St Kilda: The very effort just to get there can be an epic adventure!

IT is for many the single most evocative place on earth, with a mystique that is difficult to understand…until you go there.
This wild and untamed outpost was once home to as many as 180 hardy souls who endured its hardships in the heaving North Atlantic 115 miles west of the Scottish mainland.
St Kilda’s sad story – a monumental tale of human endeavour – is as tragic as any. It was on August 29, 1930 that the dwindling population was evacuated when life became unviable.
These days it is mostly visited by ornithologists wanting to witness the great, raucous colonies of seabirds; diving parties who have heard of its stunning underwater attractions; curious cruise ship passengers or National Trust for Scotland volunteers.
For most, it’s the getting there that sets the greatest challenge.
And, sometimes even that is not so easy.
The 41-mile journey across from the Outer Hebrides could certainly be described as character-forming.
We ended up caught in a Force 8 gale and had to turn back and seek shelter as the MV Cuma, although a 67-footer and built to withstand big seas as a fisheries research vessel, was tossed about like a rubber duck in a Hotpoint front loader.
The hardier passengers, still fresh-faced and with stomach still intact, boasted it was enjoyable – like going through a car wash on a bucking bronco simulator. Ha!
I had a different impression: Imagine being on one of those leaping carousel horses which was somehow still going up and down but connected instead to a fairground waltzer, then that combination turned into crazy contraption that took us for a ride on the rails of a roller coaster – all at the same time.
Squeamish didn’t come anywhere close to describing how I felt as skipper Murdo Macdonald finally delivered his human cargo into the semi-stillness of Village Bay.
The only thing which stood any chance of redressing the balance was the weather.

Prayed for calm

After surviving the washing machine, I prayed for a spot of calm and some sunshine to at least help make it seem that maybe it had all been worthwhile.
There’s a sadness that hangs over the little empty crofts once occupied by those who populated this desolate remnant of volcanic fury.
When eventually our captain turned the ship’s wheel to round Hirta and enter this edge-of-the-world place so few go to, a veil of low cloud too was happed like skull caps over the hilltops of Mullach Mor and Conachair.
The weather at Britain’s remotest archipelago is as fickle as can be. It was looking good when we set sail from Loch Roag all those hours earlier but midway, that storm blew up and forced us to run for cover back in Loch Resort, sheltered behind the island of Scarp.
Those who have made it there and back before say you should savour the experience of the journey by sea, no matter how rough.

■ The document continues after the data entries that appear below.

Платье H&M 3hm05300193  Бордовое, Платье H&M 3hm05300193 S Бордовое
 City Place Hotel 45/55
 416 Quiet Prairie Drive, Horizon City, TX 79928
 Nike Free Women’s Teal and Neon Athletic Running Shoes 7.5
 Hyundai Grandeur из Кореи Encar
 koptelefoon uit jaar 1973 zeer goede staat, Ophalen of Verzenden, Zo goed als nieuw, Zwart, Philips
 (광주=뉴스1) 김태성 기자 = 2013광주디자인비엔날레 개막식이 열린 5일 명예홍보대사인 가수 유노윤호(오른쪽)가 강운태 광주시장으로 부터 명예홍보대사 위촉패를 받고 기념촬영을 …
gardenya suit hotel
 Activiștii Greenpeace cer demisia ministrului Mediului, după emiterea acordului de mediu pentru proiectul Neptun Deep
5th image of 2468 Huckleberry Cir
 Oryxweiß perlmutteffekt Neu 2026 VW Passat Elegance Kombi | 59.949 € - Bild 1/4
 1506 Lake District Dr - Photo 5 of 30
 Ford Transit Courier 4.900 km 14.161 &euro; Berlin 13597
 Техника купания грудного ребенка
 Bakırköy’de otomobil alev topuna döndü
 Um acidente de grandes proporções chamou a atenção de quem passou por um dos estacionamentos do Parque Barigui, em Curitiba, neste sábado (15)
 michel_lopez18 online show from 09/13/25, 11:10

It sure brings the whole mindboggling question of human existence out there sharply into focus.
Where St Kilda’s concerned, although survival packs are not essential, proper preparation is a must. One July it was shirt sleeve warm one moment then snowing the next.
From 2pm until the dusky-summer darkness drew a veil over its presence around midnight, the low cloud draped itself there defiantly. Then in the morning as if to herald the start of a theatre show, the curtain lifted to unveil blue skies. Once ashore, I clambered far too hastily in my eagerness to take in everything I could, through the little street long since deserted by the St Kildan’s who could take no more of what this cruel place had to throw at them.

The Gap

Then, I climbed a thousand feet up to the rim of the cliffs far off to the rear of the abandoned houses to view Stac an Armin and Stac Lee standing out dramatically against the skyline beside awsome Boreray, through the crumbling rocky cleft known as The Gap.
It is tricky climbing to the top over wet, boggy peat and heather scythed to the ground by the cutting gusts which howl down the hillside. You must watch your footing as the slopes are steep and treacherous.
You must keep your eye on the sky as well.
For that’s where the kamikaze ‘Bonxies’ lurk – Great Skuas built like nightclub bouncers – prepared to divebomb anyone who steps within a hundred metres of their nest sites.
One had smashed itself straight into the head of National Trust for Scotland warden Andy Robinson.
“I had a ringing sensation in the ear for a few hours but after that it was alright,” he told me.
Once safely back down and exhilarated from the experience I ventured back along the little street of silent houses to visit the sombre graveyard enclosed by its beautiful circular dry stane wall.
In sacred places such as this with strong resonances of great sorrow, there is almost a residue in the air or an imprint left on the land.
In the nineteenth century many babies died of a persistent mystery illness and were buried here. From 1830 to 1880 alone, 77 infants were taken. It was finally discovered that the problem most probably came from a custom of dressing the remains of the child’s umbilicus with fulmar oil.
Those little bundles were all interred in this cemetery with its simple lichen-encrusted headstones.
I wanted to see if I could “hear the voices”.

Gaelic hymn

A German visitor who had taken the time to learn a Gaelic hymn once sang it inside this space which is heavy with heartache.
She returned to her ship with tear-filled eyes to tell how a ghostly choir had joined in as she paid her marvellous tribute.
And, as I stood in that most special place, eyes closed and deep in concentration, as if it was drifting in from way out to sea, so distant and just a trace, I imagined I heard the faint sound of that heavenly choir and goosepimples stood to attention up the full length of my arms.
It’s not all as eerie as this, although this place which attracts around 2000 tourists a year to its shores has an atmosphere distinctly different to anywhere else in the world.
In fact, there are lots of things which are peculiarly St Kildan.
Take the dark brown wild Soay sheep for instance, which look more like miniature deer and whose closest relatives are to be found in Sardinia. It is thought they first came here with the Vikings.
Then there are the tame field mice which pop in to the dining area at meal times to look for scraps.
There are the remarkable ‘cleits’, hundreds of stone-built little beehive bothies scattered on the hillsides which were mainly used as larders.
…And the famous PuffInn – a far-out pub in more ways than one – where you could get the equivalent of two brandies when you ask for one and it costs just over £1.
It had been opened and run as a NAAFI catering facility provided for MoD personnel and never had a pub or licensed premises permission, but welcomed visitors who could be signed in as guests. Sadly, it closed a few years back, but there’s been a suggestion it may open once more, with an accommodation wing as part of the plan.